Google made Gemini 1.5 Flash-8B (gemini-1.5-flash-8b-001) generally available on October 3, 2024. It is no longer available: Google deprecated the Gemini 1.5 line and shut the model down on September 24, 2025, so API calls now return errors. Google recommends migrating to newer Flash and Flash-Lite models such as Gemini 2.0 Flash.
How big is Gemini 1.5 Flash-8B and what could it do?
It was a roughly 8-billion-parameter transformer-decoder model distilled from Gemini 1.5 Flash. Despite its small size it was natively multimodal — accepting text, images, audio, and video — with a context window exceeding 1 million tokens (about 1,048,576 input tokens) and up to 8,192 output tokens. Google did not publish the exact parameter count.

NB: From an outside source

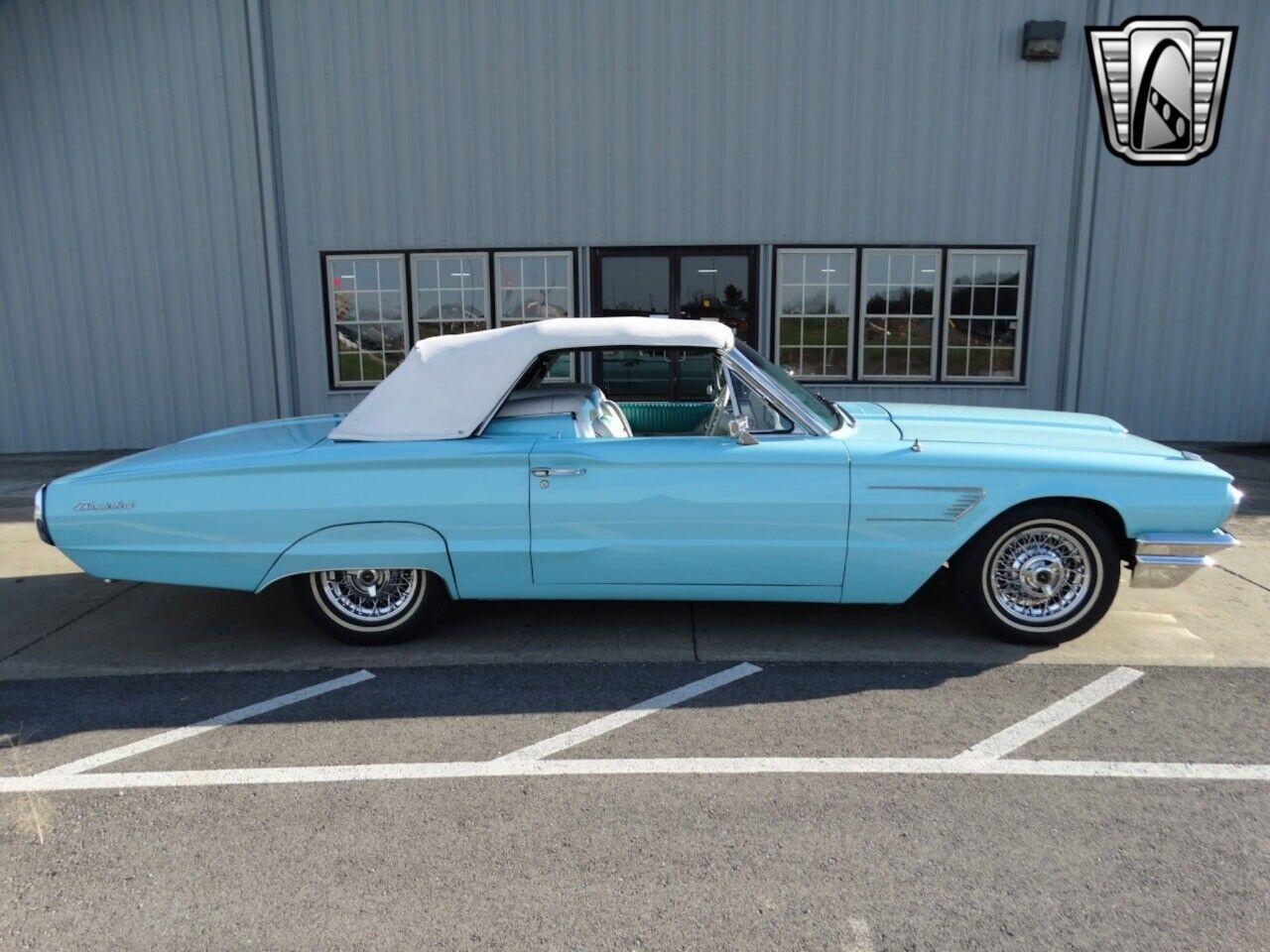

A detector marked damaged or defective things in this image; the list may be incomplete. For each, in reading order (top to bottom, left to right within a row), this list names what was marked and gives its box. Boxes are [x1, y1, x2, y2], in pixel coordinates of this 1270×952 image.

pavement crack [1213, 565, 1270, 596]
pavement crack [0, 581, 140, 664]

How much did Gemini 1.5 Flash-8B cost?
At launch it was the cheapest Gemini model: $0.0375 per million input tokens, $0.15 per million output tokens, and $0.01 per million cached input tokens for prompts under 128K. Prices doubled for prompts longer than 128K, and a free tier was available through Google AI Studio and the Gemini API. As of its September 2025 shutdown it is no longer billable.
How well did Gemini 1.5 Flash-8B perform compared to Gemini 1.5 Flash?
Google's technical report showed Flash-8B reaching roughly 80–90% of full Gemini 1.5 Flash quality on many benchmarks. For example it scored 68.1% on MMLU (vs 78.9% for Flash), 50.3% on MMMU, 70.5% on MGSM, and 73.6% on DocVQA — a small quality trade-off in exchange for much higher throughput and lower cost.